Oracle Scratchpad

February 28, 2010

Index Efficiency 2

Filed under: Indexing,Troubleshooting — Jonathan Lewis @ 3:39 pm BST Feb 28,2010

Some time ago I wrote a note on index efficiency that referenced, in one of the comments, an article on my old website about how you could use existing statistics to estimate the “correct” size of an index.

A little while ago, while applying the concept on a client site and implementing a mechanism that would allow the DBAs to do the same check as regularly as needed, I discovered a couple of flaws in the original code – so I had to spend a little time correcting it,and I’ve finally published the latest version here.

The basic concept is unchanged:

The volume of user data stored in a B-tree index – the space needed for the basic column values – can be found from the column statistics in views user_tab_columns and user_tables (or their ‘dba_’ or ‘all_’ equivalents).

The number of entries in the index is given in the view user_indexes (or equivalent) – and for each index entry we need to allow for some well-known “overheads”:

  • Rowid – 6 bytes for a unique index, 7 for a non-unique, 10 (or 11) for a global index on a partitioned table.
  • lock byte – one byte
  • flag byte – one byte
  • row directory entry – two bytes

There are a couple of defects and rounding errors built into these assumptions, of course, but if the index statistics are reasonably up to date we can get a fairly accurate estimate of the expected size for most indexes. There are several other notes included with the script – do read them before you try using it so that you have an idea of how the results are derived and what they mean .

One important point: if you do find an index that seems to be much  bigger than it should be, don’t rebuild it or coalesce it until you’ve given yourself a little time to think about why it got into that state, and what else you might infer from the information available. (Some scripts to help with this decision are in the Script Catalogue.)

11 Comments »

  1. Apologies for moving this thread into the realms of actual issues with indexes, it seems like an interesting diversion (to me) but feel free to remove if misplaced.

    We have a series of perhaps ten materialized views in a 10.2.0.3 database which are refreshed frequently (between five and fifteen minutes) via the automatic dbms_refresh.refresh job created implicitly when the materialized view was created.

    The materialized view storage tables have associated indexes, both tables and indexes are in the same tablespace, LMT with initial 64K, allocation type ‘SYSTEM’, segment_space_management ‘AUTO’.

    The materialized view storage tables appear relatively constant in size (reflecting the slowly changing data they contain) at around 10-30M or so.

    However the associated indexes do not remain constant in size, instead they appear to continually acquire extents and (presumably) because of the allocation type the extent size increases through 1M, 8M, 64M, resulting in indexes of up to 4G (before they are detected by free space alerting mechanisms).

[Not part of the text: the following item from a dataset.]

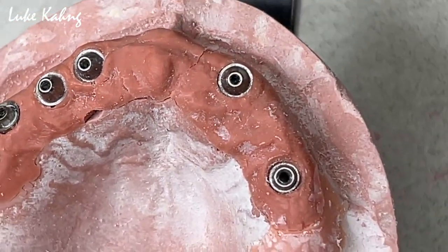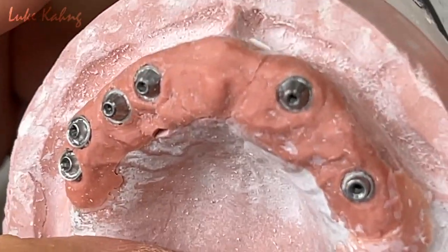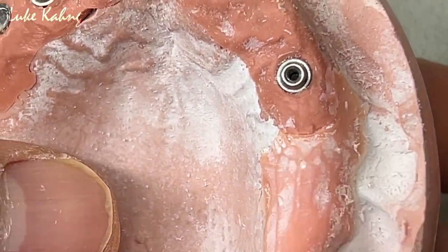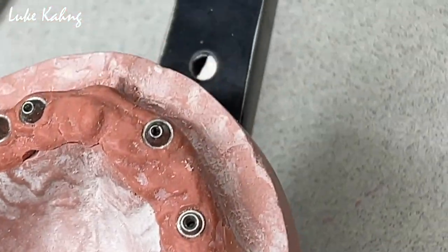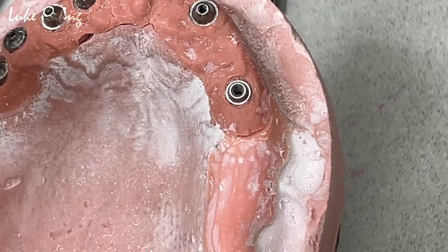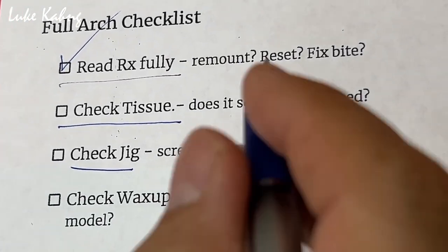Tissue is a very sensitive matter, because some tissue you don't have to grind a lot. This is really good. Very gently touch it — just a tiny bit. Then we can fit it. After that, I'm going to check the tissue. Check jig — it's very important too. The doctor already did it, and it sits all the time. Good.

Rebuilding these indexes returns them to an expected size (a fraction of the table size).

    Is this as simple as a misinformed combination of mv refresh / storage parameters?

    Comment by padders — March 1, 2010 @ 1:43 pm BST Mar 1,2010 | Reply

    • Padders,

      This looks like it may be one of the bugs associated with ASSM and the difficulty of choosing a moment to update the bitmaps to show that a block is free.

      Any updates which do a massive delete followed by inserts run a risk of making indexes bigger than they need to be. This is because Oracle cannot re-use the space in an index block until the transaction has committed – even for rows inserted by the same transaction (except for one special case). The same thing happens with tables, in fact, but the mechanics are different and the effect is much less noticeable. (See http://jonathanlewis.wordpress.com/2009/05/20/lunchtime-quiz/ for more details.)

      Since you’re on 10g with materialized views, I’d guess that you are doing atomic refreshes, which means Oracle deletes everything from the MVs and their indexes, then re-inserts, then commits – which fits a critical pattern.

      You could experiment by putting a couple of your indexes into a tablespace using freelist management to see the problem “magically” disappears. Alternatively just schedule a “coalesce” on all the problem indexes immediately after the refresh.

      Comment by Jonathan Lewis — March 2, 2010 @ 8:46 pm BST Mar 2,2010 | Reply

  2. Hi,

    Did you compare your estimation of index size with the one Oracle provides when doing explain plan on the create index statement ?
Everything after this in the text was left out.